Local Spaces and Identities— state, market, shrine
In state-nations, as in nation-states, the state is not the lone producer of widely available identity narratives and tokens, although in the former, the state may attempt an outright hegemony of expression. Various religious institutions have long held personal identity to be within their domain. Industry also looks to the schools, or provides its own schooling, for the bodily disciplines they desire for workers on the job. And the capitalist market, where consumption behavior is informed through identification between the consumer’s bodies and consumed objects, is an increasingly public arena for the display of life-style based identities.
However, when industry, religion, and the state work in concert, a condition that may occur through coordination during times of crisis (such as wartime), or a condition that may be fostered through a strong, centralized state apparatus, such as a state-nation (see also State-nation modernity), which holds the means to either directly control or indirectly guide industrial and religious organizations, a “hegemony of representation” is possible. Yurchak (1997, 166-167) describes this condition in the former Soviet Union:
- “In the case of late socialism the hegemony of representation can be visualized as a symbolic order of tightly interconnected signifiers that were exclusively state controlled and permeated most aspects of everyday life in the official sphere. These were verbal formulas (structural elements of the politicized discourse of the official sphere, such as names of Soviet institutions and public organizations and formulaic phraseology of official speeches), visual images (posters, pictures, placards, monuments), mass rituals (Party and Komsomol meetings, elections, and November and May parades), the topics in the media, literature, popular culture (all of which were controlled by centralized bodies and ministries), and tightly structured events of daily public life (the use of public transport, work at a Soviet enterprise where wages were centrally fixed, study in a Soviet school with centrally adopted curriculum, and shopping in a Soviet store with unified centrally controlled prices and choices).”

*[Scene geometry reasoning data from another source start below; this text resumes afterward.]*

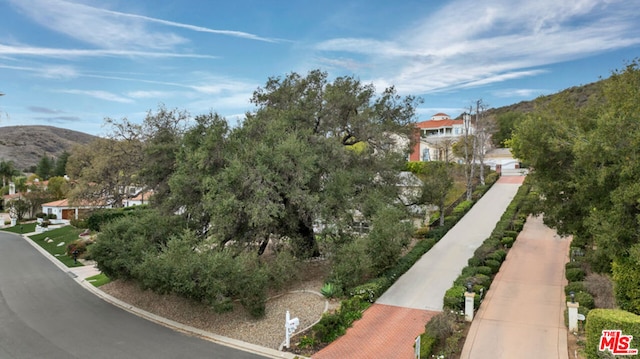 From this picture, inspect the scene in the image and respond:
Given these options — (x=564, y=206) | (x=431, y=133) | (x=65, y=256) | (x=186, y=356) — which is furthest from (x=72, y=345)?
(x=431, y=133)

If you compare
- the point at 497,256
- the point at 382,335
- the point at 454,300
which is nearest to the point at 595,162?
the point at 454,300

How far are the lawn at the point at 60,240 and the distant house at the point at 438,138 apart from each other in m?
34.8

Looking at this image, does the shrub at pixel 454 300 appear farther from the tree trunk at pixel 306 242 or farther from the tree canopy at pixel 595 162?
the tree trunk at pixel 306 242

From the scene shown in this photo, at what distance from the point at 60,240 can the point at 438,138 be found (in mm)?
46460

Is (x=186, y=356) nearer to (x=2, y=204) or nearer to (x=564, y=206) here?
(x=564, y=206)

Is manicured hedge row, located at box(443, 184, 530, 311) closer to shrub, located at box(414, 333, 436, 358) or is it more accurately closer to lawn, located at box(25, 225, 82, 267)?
shrub, located at box(414, 333, 436, 358)

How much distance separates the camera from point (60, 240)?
131 ft

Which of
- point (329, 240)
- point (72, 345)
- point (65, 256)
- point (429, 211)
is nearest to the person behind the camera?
point (72, 345)

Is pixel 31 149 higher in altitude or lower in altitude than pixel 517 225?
higher

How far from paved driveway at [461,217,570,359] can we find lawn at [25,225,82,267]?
26.7m

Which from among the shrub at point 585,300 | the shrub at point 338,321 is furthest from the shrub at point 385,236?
the shrub at point 585,300

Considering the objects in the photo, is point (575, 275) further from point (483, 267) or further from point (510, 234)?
point (510, 234)

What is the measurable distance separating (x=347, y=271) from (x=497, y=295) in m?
5.85

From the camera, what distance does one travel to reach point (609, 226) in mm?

According to Yurchak, the main response to this fog of representation in the Soviet Union was neither dissident activity, nor active participation, but rather a cynical removal of emotion from these representations. Over-saturation did not promote an orthopostural (See: orthoposture) attitude in the persons of Soviet citizens. Quite the opposite: the signs and slogans, the parades and spectacles became invisible through their ubiquity.
Yurchak (Yurchak 1997, 167-168) quotes Vaclav Havel, who noted how, when the omnipresent expressions of the state became so utterly predictable, they also became invisible/silent parts of the “panorama of everyday life.” But also invisible were counter-expressions, kept from the street (if not from back regions of everyday life) through official controls. Even though the street was filled with state spectacles, it remained devoid of all counter-expression.

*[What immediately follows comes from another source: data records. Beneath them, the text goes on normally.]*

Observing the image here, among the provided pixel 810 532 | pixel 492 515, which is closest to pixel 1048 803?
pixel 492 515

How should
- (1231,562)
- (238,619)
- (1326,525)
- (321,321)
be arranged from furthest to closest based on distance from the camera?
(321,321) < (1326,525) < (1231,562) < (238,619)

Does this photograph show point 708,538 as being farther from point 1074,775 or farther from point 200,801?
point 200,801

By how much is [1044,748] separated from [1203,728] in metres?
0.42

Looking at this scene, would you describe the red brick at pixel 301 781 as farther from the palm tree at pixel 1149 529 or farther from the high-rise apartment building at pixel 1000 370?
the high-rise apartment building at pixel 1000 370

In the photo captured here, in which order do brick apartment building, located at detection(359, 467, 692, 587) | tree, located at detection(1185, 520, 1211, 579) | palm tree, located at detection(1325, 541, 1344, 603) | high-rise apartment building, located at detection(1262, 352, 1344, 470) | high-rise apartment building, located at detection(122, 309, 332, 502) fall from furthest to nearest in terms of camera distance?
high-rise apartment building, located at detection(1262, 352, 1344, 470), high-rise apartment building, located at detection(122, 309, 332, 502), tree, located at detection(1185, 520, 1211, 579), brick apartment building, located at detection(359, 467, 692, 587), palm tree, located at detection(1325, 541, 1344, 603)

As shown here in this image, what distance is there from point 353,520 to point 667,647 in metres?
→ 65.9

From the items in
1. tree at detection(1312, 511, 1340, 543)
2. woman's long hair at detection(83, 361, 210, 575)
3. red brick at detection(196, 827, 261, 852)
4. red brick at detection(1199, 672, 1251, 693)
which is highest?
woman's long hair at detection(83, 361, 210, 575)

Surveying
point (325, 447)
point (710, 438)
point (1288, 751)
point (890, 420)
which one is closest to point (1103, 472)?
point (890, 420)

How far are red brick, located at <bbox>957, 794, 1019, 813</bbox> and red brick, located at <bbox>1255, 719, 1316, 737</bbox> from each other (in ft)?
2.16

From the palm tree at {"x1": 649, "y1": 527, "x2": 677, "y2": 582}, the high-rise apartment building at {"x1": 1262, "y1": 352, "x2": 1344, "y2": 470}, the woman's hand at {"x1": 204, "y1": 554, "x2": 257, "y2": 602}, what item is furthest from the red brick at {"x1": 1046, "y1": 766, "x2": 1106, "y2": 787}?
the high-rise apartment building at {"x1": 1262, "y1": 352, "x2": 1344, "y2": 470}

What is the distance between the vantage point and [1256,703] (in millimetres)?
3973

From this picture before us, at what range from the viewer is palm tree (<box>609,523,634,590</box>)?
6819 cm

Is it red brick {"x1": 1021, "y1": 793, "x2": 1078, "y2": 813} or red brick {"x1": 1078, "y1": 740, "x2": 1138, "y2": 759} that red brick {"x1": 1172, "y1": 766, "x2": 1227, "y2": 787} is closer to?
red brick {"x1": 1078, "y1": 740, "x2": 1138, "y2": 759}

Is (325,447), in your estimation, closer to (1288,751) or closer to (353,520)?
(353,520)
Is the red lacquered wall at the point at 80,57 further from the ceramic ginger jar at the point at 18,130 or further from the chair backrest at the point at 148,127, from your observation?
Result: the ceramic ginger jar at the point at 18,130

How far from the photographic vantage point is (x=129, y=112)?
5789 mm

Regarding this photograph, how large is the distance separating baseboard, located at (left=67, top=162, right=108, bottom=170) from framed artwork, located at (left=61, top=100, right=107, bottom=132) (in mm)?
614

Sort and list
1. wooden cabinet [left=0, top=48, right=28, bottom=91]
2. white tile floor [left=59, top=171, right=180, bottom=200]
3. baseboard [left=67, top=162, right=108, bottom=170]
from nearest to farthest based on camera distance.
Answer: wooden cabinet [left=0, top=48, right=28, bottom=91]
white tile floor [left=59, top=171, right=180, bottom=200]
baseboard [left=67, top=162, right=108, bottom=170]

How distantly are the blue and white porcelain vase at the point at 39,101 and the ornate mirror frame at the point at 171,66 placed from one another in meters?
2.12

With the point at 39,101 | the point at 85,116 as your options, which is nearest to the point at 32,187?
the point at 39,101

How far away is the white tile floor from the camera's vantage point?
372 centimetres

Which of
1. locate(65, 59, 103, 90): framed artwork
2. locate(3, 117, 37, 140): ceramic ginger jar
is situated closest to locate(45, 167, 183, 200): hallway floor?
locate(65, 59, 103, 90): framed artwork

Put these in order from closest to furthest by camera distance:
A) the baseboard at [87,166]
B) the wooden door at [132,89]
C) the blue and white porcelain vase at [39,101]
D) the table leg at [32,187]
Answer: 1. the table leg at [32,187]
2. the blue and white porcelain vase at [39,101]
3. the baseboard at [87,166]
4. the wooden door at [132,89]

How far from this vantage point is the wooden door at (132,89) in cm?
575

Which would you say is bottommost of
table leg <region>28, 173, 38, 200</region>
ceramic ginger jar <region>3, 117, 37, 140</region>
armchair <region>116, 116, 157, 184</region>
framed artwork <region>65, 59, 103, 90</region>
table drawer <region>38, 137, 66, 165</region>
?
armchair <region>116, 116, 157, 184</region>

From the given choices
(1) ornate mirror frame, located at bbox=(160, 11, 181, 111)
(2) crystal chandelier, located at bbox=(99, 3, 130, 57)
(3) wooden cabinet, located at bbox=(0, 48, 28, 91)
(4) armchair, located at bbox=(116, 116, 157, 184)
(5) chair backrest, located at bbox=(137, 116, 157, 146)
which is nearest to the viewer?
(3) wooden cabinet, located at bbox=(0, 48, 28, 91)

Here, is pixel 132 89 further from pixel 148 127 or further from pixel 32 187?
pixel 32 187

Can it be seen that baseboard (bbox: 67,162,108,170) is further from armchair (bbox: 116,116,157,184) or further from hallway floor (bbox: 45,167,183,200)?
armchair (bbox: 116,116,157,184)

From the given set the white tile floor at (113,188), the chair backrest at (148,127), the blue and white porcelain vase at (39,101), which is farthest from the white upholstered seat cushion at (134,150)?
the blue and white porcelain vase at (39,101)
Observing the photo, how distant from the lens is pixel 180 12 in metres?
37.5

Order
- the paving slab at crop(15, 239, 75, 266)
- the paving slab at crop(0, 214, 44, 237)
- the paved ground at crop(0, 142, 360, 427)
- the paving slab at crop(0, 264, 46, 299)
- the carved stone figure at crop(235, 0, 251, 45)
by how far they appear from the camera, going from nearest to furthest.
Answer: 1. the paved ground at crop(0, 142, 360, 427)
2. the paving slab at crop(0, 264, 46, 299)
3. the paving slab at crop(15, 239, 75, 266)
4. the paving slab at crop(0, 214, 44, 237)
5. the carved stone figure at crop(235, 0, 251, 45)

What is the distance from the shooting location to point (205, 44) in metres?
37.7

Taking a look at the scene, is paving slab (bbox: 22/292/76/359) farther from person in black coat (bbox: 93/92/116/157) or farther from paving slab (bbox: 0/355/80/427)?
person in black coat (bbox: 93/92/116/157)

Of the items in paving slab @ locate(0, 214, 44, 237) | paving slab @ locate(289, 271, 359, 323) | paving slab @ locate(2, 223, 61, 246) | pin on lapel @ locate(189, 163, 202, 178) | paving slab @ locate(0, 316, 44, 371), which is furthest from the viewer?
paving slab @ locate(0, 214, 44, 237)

- “Through the self-construction of the self in violence, the hardman came to signify the self-contained and autonomous singularity of his community. The hardmen came from “hard” places like “The Hammer,” “The Bone,” and “The Nick.” As one hardman put it, “I live in the toughest area of Belfast. As you walk down my street, each house is harder than the next. I live in the last house on the street.” There was a reversible transfer of moral substance between the hardmen and their communities. The differential relation of the hardman to other men became a metaphor for the relation of the hardman's community to other places.”
(Feldman 1991, 53)
Embodied (personal) habitus, family habitus and neighborhood habitus can acquire a homology that allows them metonymic access to each other: they can each stand in for the other. This also means they cannot be casually separated. Korean residents talk about the onus of not acting “Korean” in their neighborhoods, so as to maintain the neighborhood’s image.In various nation-states the multiple sources that inform identities results in a tension, which sometimes develops into a discursive negotiation among these institutions. In the United States, for example, there is an ongoing, if at times backgrounded, discussion about just where life-style “values” should be acquired, with “the family,” “the church,” and “school” competing with each other, but mostly against “the street” (or commercial TV) as the source for such values. In the case of the Soviet Union, the state’s monopoly on public expression transformed all other expressions into counter-state expressions. Discourse in public could then be labeled as dissent against the state. But even where “the state” has not achieved an outright monopoly on expression in public, a “hegemony of representation” is possible.
In Kyoto, there has been for decades a strong congruence between the efforts of the government (e.g., monbusho, the Ministry of Education, the successor to the Pre-War naimusho, [Home Ministry]) to teach expectations about normative behavior, and similar efforts of nation-wide Shinto religious organizations (notably the Jinjahoncho, which controls tens of thousands of Shinto shrines, and also runs the Boy Scouts, and which was also formerly part of the naimusho), and government/industry organizations (such as MITI, the Ministry of International Trade and Industry [Tsuushousangoyousho]) that control the “cram schools” (juku) where more than half of Kyoto’s junior and senior high-school students spend their after-school hours.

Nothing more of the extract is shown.